His disturbing dream had made him sharply conscious of her again. As he dressed, he remembered that his son-in-law had rung
him up late the night before, asking if Clara was there. At the time, he had been not worried but annoyed. It was one more
black mark against Clara that her husband, drunk or sober, should not have found her at home when he returned. No doubt she
had gone to some horrible Bohemian party. He had always disapproved of their living in Chelsea, a quarter about which he had
lurid ideas. It was useless for his wife to assure him that it was Archie’s drinking which had made Clara hard, insolent and
slatternly. Since he was extremely fond of Archie and had been strongly in favour of the marriage, he preferred to think that
it was the deplorable effect of Chelsea on Clara that had driven his son-in-law back to the bars and drinking-clubs. Nevertheless,
as he came downstairs, he found himself feeling vaguely guilty that he had not mentioned that telephone-call to Isabel. He
would ring up after breakfast and make sure that Clara had come safely home.
In his anxious mood he had taken longer than usual to dress. His mother was waiting for him at the table where the bacon and
eggs were already congealing on their dish. As usual, she had refused to help herself to so much as a cup of tea before his
appearance. Breakfast was the one meal old Mrs Batchelor really enjoyed. At all others she was cowed by her daughter-in-law’s
exasperated glances. This morning she had looked forward to a deliciously prolonged chat with Claude who would be able, for
once, to eat without his eye on the clock. The prospect of his holiday would make him not only cheerful but extra attentive
to her as he always was before a parting.

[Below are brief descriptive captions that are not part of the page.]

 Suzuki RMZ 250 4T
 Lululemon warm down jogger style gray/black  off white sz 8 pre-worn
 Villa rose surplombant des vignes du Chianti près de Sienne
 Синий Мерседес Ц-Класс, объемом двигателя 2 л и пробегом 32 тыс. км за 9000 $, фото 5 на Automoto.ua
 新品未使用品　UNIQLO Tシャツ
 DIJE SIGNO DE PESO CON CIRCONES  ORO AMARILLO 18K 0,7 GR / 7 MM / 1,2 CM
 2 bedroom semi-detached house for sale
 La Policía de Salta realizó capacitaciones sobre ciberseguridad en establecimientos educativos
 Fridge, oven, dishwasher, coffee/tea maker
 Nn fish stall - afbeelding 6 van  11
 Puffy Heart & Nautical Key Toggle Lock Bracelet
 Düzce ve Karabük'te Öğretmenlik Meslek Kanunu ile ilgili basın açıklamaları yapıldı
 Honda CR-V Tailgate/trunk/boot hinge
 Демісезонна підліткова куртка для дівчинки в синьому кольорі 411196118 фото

To her dismay, Claude looked sombre and preoccupied. She tried several openings with no more response than a polite ‘Yes,
Mother’ or ‘Really?’ Finally, she risked mentioning her granddaughter. Even a rebuff would be better than indifference.
‘What a pity Clara won’t be going down to Paget’s Fold with you this year. You’ll miss her, won’t you? You were always so
happy together there. Summer after summer, ever since she was four years old.’
Claude said, none too amiably:
‘She wasn’t there last year either.’
‘Dear me … fancy my forgetting. My memory’s getting as bad as my hearing. Of course, last year she went off on that theatrical tour, didn’t she? I daresay she little realised that by the next summer she’d be a married
woman.’
‘Probably not.’ Claude’s eye wandered furtively towards The Times. Mrs Batchelor said in a suffering voice:
‘If you want to read the paper, don’t mind me, dear.’
‘No, no, of course not, Mother. I’m sorry.’
‘I thought you’d want to save it for the train. But if my chatting vexes you …’
‘Now, Mother, please. You know it doesn’t. I’m afraid I’m a little absent-minded this morning.’
‘You’re overtired,’ she purred. ‘I’m sure nobody at St Mark’s works as hard as you do. It must be bad for your health taking
all those private pupils as well as all your other teaching. I wonder Isabel doesn’t stop you.’
‘She couldn’t if she tried. How often have I told you I like work.’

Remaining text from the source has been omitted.